Qtip: CX Hierarchies and EX Hierarchies are very similar, but have some key differences. If you are an EX client, please see Hierarchies Basic Overview (EE) instead.

About Hierarchies

Hierarchies provide a way for you to upload your organization’s employee structure into Qualtrics. Setting one up correctly ensures that tickets will be properly escalated.

Attention: Like the rest of the User Admin tab, hierarchies are brand-wide. That means that when you create hierarchies in your Dashboards project:

  1. Those same hierarchies will be available in all Dashboards projects in the brand.
  2. Those hierarchies will be built using information from all the users in the brand. That means every user will be placed in the hierarchy based on an Employee ID, Manager, or Level, depending on the type of hierarchy you are building. If this data is blank, the user will not be excluded from the hierarchy, but instead will be relegated to a unit called “Unknown Manager.”

Choosing the Best Hierarchy for Your Data

The two primary types of hierarchy are Parent-Child and Level-Based. Both Parent-Child and Level-Based hierarchies can generate your organization’s structure and identify managers based off a list of employees. However, the type of hierarchy you choose has less to do with your company’s organizational structure and more to do with the data most conveniently available to you.

Parent-Child vs. Level-Based Hierarchies

Parent-Child hierarchies work best when your HR data for each employee includes a unique ID and the ID of their manager.

Example: You have a spreadsheet of data. Each row is an employee. For each employee, there’s a column for their employee ID, and a column for their manager’s ID.

Level-Based hierarchies can be a good option if your HR data includes each level the employee reports to, from the top of the hierarchy all the way down to where the employee sits. With Level-Based hierarchies, you don’t necessarily have to know who the employee’s manager is; you just need to know the chain of command for each employee you’re including in the project. This data format is often more common with companies that organize employee data by distinct levels, location, or functional breakout.

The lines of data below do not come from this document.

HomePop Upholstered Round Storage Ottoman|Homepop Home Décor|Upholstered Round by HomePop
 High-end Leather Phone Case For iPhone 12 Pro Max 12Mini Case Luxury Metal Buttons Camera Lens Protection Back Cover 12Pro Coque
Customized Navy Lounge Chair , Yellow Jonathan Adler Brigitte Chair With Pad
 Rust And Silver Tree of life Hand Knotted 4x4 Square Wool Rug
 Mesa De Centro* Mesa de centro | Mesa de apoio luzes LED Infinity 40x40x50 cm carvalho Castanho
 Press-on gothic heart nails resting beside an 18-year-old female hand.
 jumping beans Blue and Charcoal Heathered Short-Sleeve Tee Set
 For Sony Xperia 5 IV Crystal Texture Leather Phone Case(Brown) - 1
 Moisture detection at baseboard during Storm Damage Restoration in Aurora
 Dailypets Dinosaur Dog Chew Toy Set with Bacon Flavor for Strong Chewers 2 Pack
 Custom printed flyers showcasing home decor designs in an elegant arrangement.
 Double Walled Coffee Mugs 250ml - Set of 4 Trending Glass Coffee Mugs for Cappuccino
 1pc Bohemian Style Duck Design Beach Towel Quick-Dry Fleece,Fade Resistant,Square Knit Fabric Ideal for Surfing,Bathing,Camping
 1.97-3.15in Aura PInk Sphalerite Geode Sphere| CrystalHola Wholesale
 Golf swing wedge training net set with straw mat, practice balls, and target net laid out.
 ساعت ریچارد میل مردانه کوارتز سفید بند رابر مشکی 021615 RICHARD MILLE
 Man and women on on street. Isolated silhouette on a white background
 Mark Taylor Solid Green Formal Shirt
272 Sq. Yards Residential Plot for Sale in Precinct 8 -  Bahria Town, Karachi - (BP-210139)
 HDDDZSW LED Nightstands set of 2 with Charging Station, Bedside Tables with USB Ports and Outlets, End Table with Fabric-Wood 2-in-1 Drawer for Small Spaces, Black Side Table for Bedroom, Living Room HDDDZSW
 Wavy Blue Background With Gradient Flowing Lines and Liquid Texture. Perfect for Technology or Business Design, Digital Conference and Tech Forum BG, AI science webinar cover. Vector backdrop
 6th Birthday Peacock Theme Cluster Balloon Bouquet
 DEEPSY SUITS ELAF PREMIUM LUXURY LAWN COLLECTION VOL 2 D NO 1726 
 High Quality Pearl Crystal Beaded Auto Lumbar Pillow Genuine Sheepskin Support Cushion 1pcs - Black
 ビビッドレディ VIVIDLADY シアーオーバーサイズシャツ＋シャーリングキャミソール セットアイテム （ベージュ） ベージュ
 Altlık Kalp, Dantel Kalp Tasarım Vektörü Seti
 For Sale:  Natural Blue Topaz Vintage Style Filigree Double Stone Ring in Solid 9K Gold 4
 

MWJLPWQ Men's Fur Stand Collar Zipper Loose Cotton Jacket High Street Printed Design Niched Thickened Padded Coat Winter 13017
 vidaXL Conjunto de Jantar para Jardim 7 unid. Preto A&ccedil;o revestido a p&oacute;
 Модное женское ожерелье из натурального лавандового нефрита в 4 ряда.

Example: Barnaby is a member of the sales operations team. This team sits within the sales department, which in turn sits in the division that sells our Customer Experience products. In the employee data file, Barnaby has Customer Experience in the Division column, Sales in the Department column, and then Sales Operations in the next column.

One advantage Level-Based hierarchies have over Parent-Child ones is when you are running a project with an incomplete hierarchy. For example, you may be running a project with only a few teams, not your entire company. Parent-Child hierarchies determine the chain of command by placing every single employee and every single manager into an organizational unit; if you are missing employees, you may end up with broken or displaced units. Level-Based hierarchies, on the other hand, define each employee on a row with their entire reporting line up to the top. It’s ok if you’re missing a few people because the chain of command is still there.

On the other hand, when it comes to defining managers, Parent-Child is much simpler to build. You can also identify managers and the data that rolls up to them in a Level-Based hierarchy, but you need to add an additional column to your data to do so, and managers must be coded as far down as the unit that they manage.

Parent-Child vs. Level-Based Hierarchies: At a Glance

Parent-Child Level-Based
When recommended: When your HR data is formatted so each employee has a unique ID and their manager’s unique ID saved When your HR data is organized more by location or functional breakout
Required for setup: Employee ID & Manager ID Cascading levels of organization structure

Using CX Hierarchies

CX hierarchies currently have two uses.

  1. In CX Dashboards themselves. Use hierarchies to control the information users see in CX Dashboards. See Adding Org Hierarchies to CX Dashboards for how to get started. Don’t forget to assign your users to roles with hierarchy permissions.
  2. In ticketing. Use hierarchies to control how tickets are reassigned.
Qtip: You can automate CX user updates and thus make it easier to keep your hierarchies updated. See Load Users into CX Directory Task.